Охране в воротах Митроха сообщил, что мы ищем Велибора.
Охрана, вооружённая огромными сажалами длиной в руку, велела нам ждать: Велибору, мол, скажут, и он сам к нам выйдет.
И не видать бы мне города Резана, если б Митроха, опытный человек, не вынул полкуны лысых и не сунул стражу в жадную ладонь.
Нас пропустили за ворота.
Дальше со мной случилось то, что случается с любым молодым дураком, впервые попавшим в центр мира. Я оглох, ослеп, ноги мои подогнулись от страха – сил хватало только на то, чтобы сжимать пальцами плечо Митрохи, который шагал впереди, безошибочно – даром что кривоглазый – прокладывая дорогу в безумной людской каше.
Улица, замощённая полубрёвнами, гремела голосами.
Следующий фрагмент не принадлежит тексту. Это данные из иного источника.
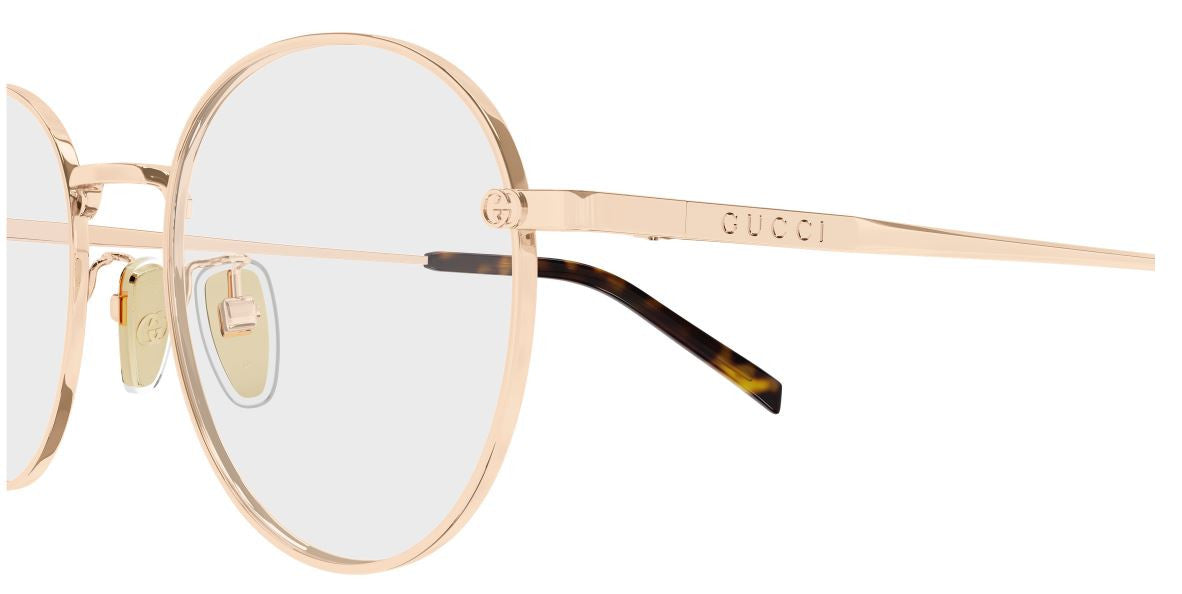 Gucci Institutional Logo GG2004OA Eyeglasses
Повсюду висел дым, пахнущий жареным мясом и жареной рыбой, закваской, солодом, чесноком, горящим жиром, новыми кожами; бранились мальчишки, собирающие навоз; через каждые пятьдесят шагов, вдоль стен, стояли бочки с водой, на случай пожара; бабы в богатых душегрейках грызли яблоки и пересмеивались; пришлые степняки-сарматы, трое, бритоголовые и кривоногие, хохотали, показывая друг другу пальцем на крытые дёрном крыши домов, и страшно воняли конской мочой; медленно проехал на огромном вороном мерине широкоплечий человек в горностаевом воротнике, с сажалом в наборных ножнах, с серебряной гривной на дочерна загорелой шее: княжий злыдень.
Четверо мужиков пронесли огромный сундук, а вела их заплаканная девка в серебряных ожерельях: видать, жена сбежала от мужа.
А за ней шли целой ватагой птицеловы, с мрачными, неприятными рожами, и у каждого в клетке встрескивали крыльями и голуби, и синицы, и сороки, а у одного даже ворон сидел, чёрный как уголь, и я, увидев этого ворона, поспешил отвернуться и зажмурить глаза несколько раз подряд, чтобы забыть, как будто увиденного и не было.
В моей селитьбе воронов не ловили. Ловить ворона – всё равно что ловить волка или медведя. Нехорошо, неправильно.
Когда увидел этого ворона – понял, что про Резан говорили верно: это действительно чёрная поляна в чёрном лесу, опасное гнездо, где люди живут – и ни во что не верят.
Но, конечно, эта толпа, суета, этот размах, эти дубовые, сплошь покрытые резьбой двери с тяжёлыми засовами, на толстых, обмазанных жиром кожаных петлях, этот скрип твёрдого дерева под ногами, этот смех, эти раскрашенные девки – всё казалось мне сладкой песней моей великой славы.
Митроха дёрнул меня за рукав, мы свернули резко, как будто убегали, и зашли за скрипучую калитку, и там ухмыльчивая рябая баба – кабатчица – налила нам по кружке крепкой браги и насыпала каждому жменю жареных тыквенных семечек, и мы что-то опять заплатили, но платил Митроха; я, как и было сказано, только рот разевал во все стороны, олух олухом.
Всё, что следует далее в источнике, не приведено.